45. The diagnostic agent of claim 44, wherein the cell staining is performed using a Giemsa rapae dye.

46. The diagnostic agent of claim 31, wherein analyzing said cell population further comprises analyzing attachment of cells to said substrate, scanning said cell population on said substrate, and imaging said cells with repositioning by digital microscopy.

47. The diagnostic agent of claim 31, wherein analyzing the cell population further comprises quantifying human 5T4 antigen on the circulating tumor cells to produce an H-score, wherein the H-score is used to select a population of 5T 4-positive cancer patients.

48. The diagnostic agent of claim 31, wherein detection of the presence of 5T4 positive circulating tumor cells in the blood sample indicates the presence of a 5T4 positive cancer in the mammalian subject.

49. The diagnostic agent of claim 31, wherein the 5T 4-positive cancer is selected from the group consisting of bladder cancer, breast cancer, cervical cancer, colon cancer, endometrial cancer, kidney cancer, lung cancer, esophageal cancer, ovarian cancer, prostate cancer, pancreatic cancer, skin cancer, stomach cancer, and testicular cancer.

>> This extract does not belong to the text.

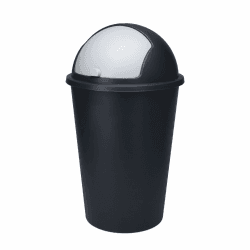 Spetebo XL Abfalleimer mit Schiebedeckel schwarz - 50 L - Runder Mülleimer mit Kuppel Deckel - Kosmetik Eimer Müll Behälter Abfall Eimer recycelbar Angebot bei HelloDeals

50. The diagnostic agent of claim 31, wherein detection of the presence of the first marker, the presence of the second marker, the absence of the third marker, and the presence of the fourth marker indicates the presence of 5T4 positive circulating tumor cells.

51. The diagnostic agent of claim 31, wherein the presence of the first marker, the presence of the second marker, the absence of the third marker, and the presence of the fourth marker are detected for determining inclusion of a mammalian individual in a treatment for a 5T 4-positive cancer.